# [Exercise goal]
The answer must restate the listing word for word, without its images.

# [Supplied data]
Content starts

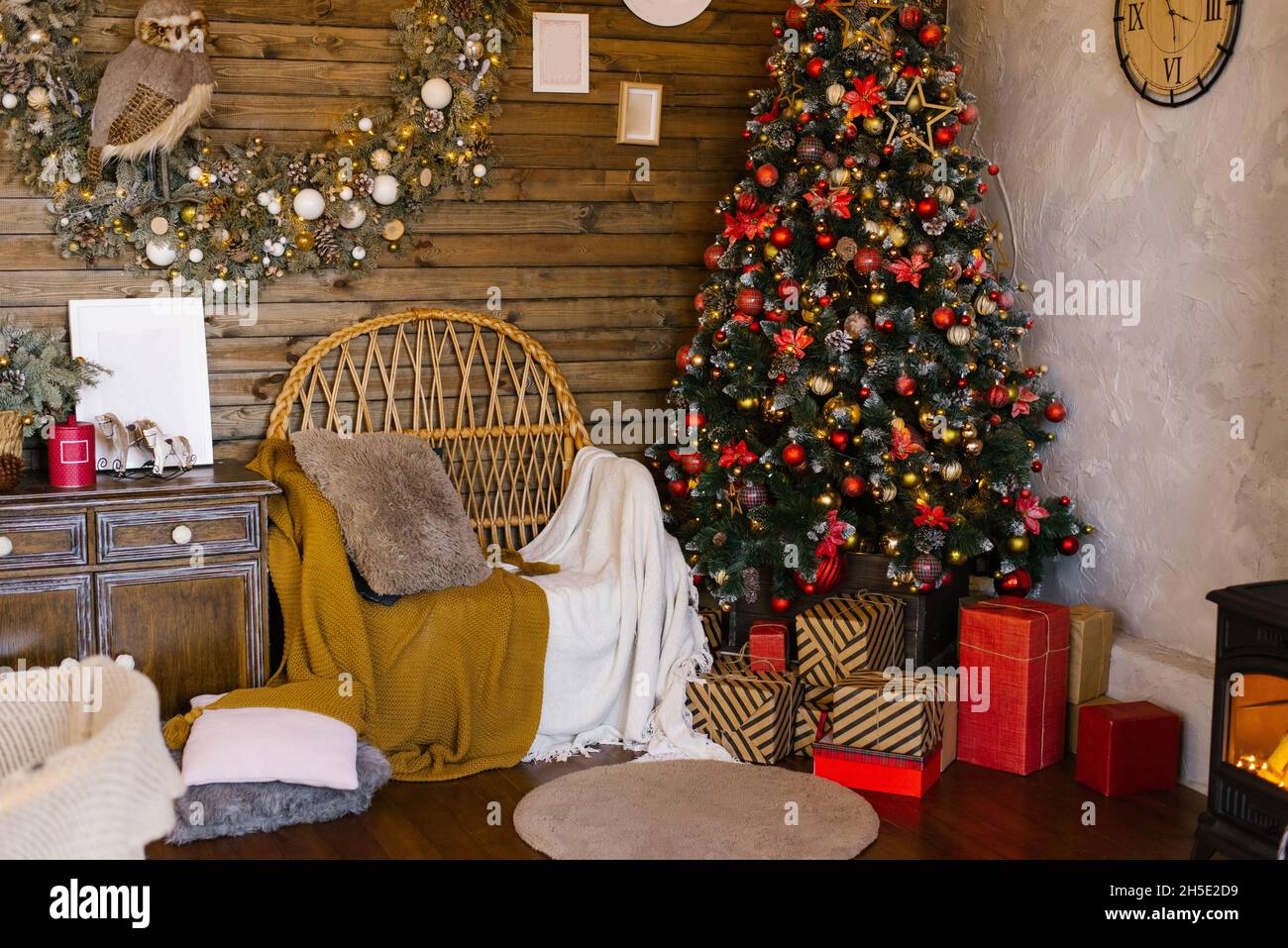 Decorazioni natalizie nel soggiorno di una casa in legno di campagna con un  albero di Natale tradizionale decorato con giocattoli rossi e dorati Foto  stock - Alamy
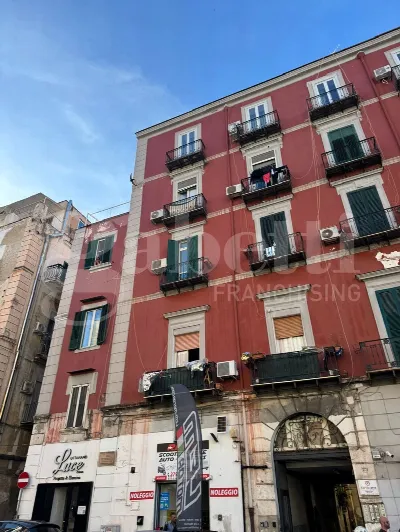 Appartamento in vendita a Napoli, Chiaia, ... - foto 2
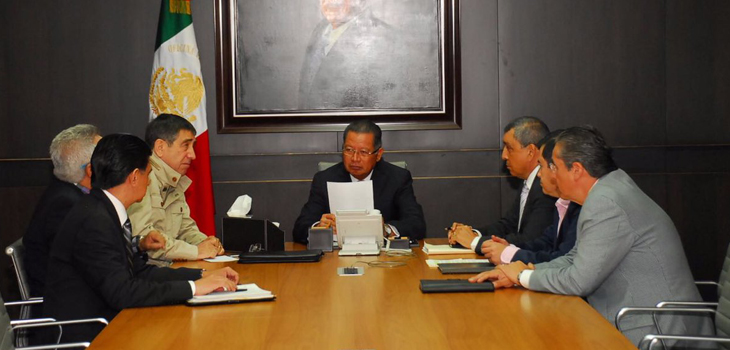 Gobernador se reúne con titulares de SEFIPLAN y Contraloría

Content ends

# [Task solution]
 Decorazioni natalizie nel soggiorno di una casa in legno di campagna con un  albero di Natale tradizionale decorato con giocattoli rossi e dorati Foto  stock - Alamy
 Appartamento in vendita a Napoli, Chiaia, ... - foto 2
 Gobernador se reúne con titulares de SEFIPLAN y Contraloría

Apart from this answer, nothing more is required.